WHAT IS REQUIRED – Copy exactly the lines of the records below, starting at the line that contains "rhinoplasty" and continuing through the last line, both included; omit any pictures.

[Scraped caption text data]
☆ ☆ ☆ ☆
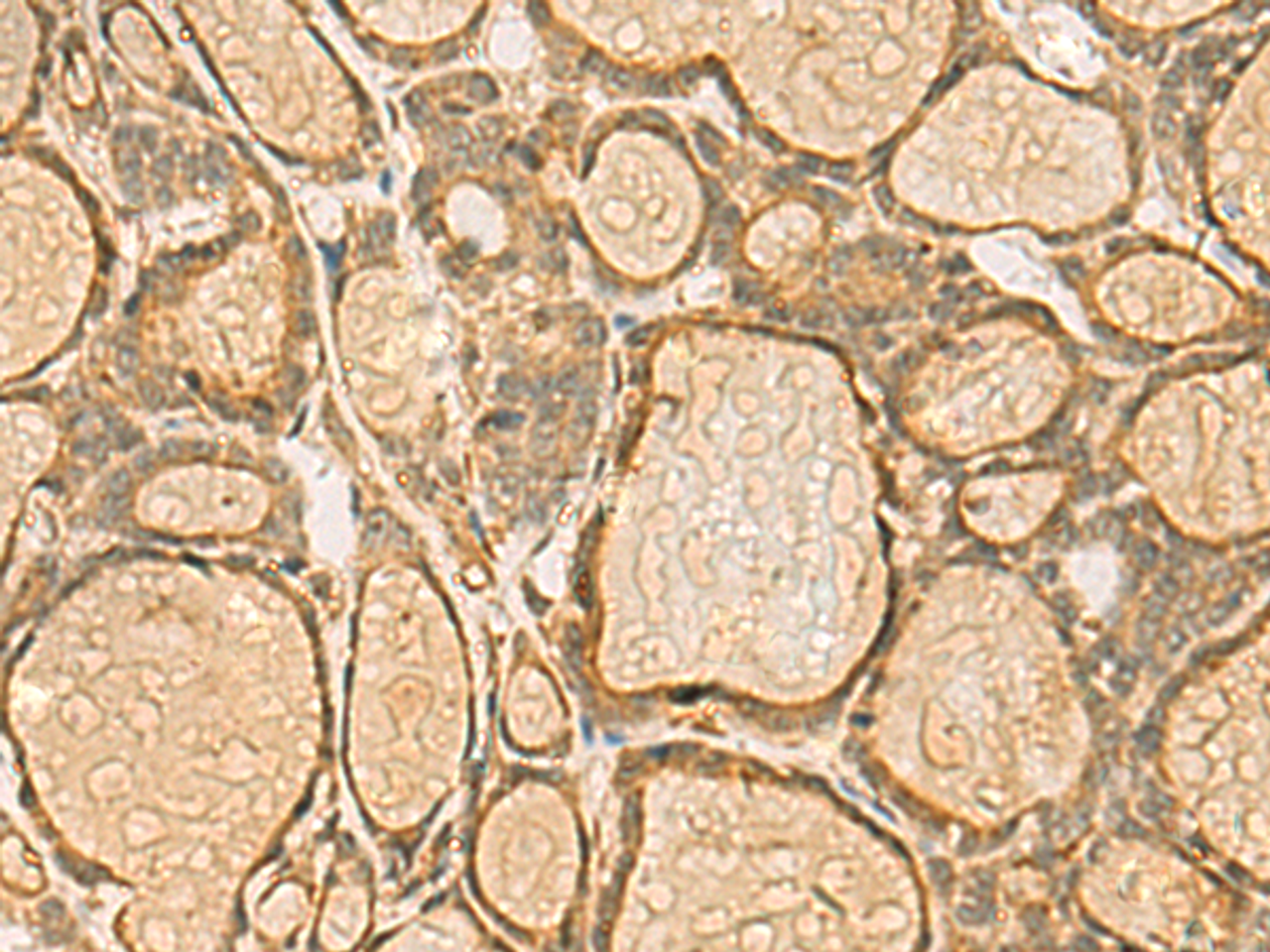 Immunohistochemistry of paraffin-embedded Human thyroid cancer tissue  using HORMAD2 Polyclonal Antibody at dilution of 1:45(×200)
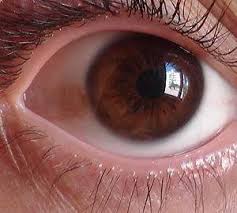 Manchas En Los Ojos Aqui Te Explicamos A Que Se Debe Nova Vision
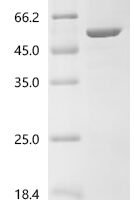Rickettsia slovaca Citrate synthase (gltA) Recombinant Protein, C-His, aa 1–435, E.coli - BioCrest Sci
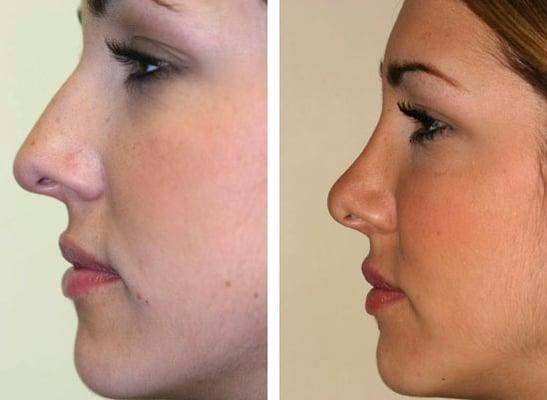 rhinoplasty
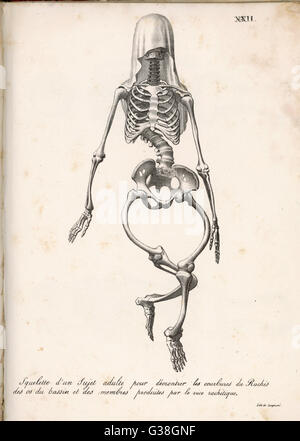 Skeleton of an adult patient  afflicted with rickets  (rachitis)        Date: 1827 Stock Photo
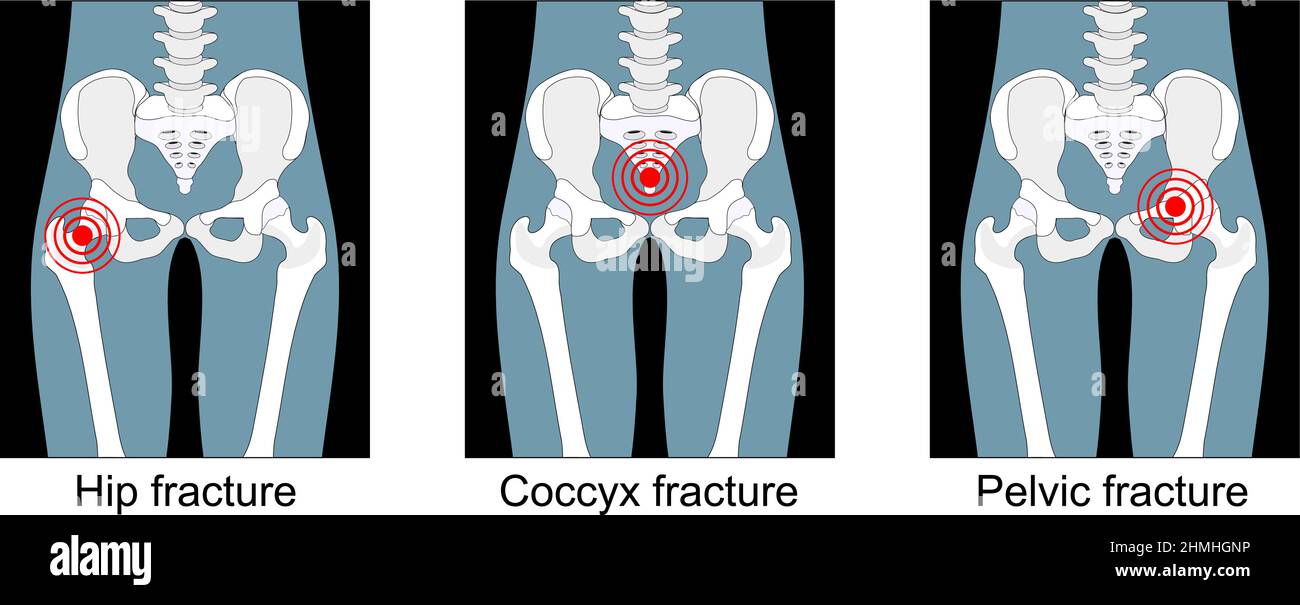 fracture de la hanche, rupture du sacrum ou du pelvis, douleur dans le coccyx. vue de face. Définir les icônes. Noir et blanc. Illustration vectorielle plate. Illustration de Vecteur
☆ ☆ ☆ ☆
SOLUTION –
 rhinoplasty
 Skeleton of an adult patient  afflicted with rickets  (rachitis)        Date: 1827 Stock Photo
 fracture de la hanche, rupture du sacrum ou du pelvis, douleur dans le coccyx. vue de face. Définir les icônes. Noir et blanc. Illustration vectorielle plate. Illustration de Vecteur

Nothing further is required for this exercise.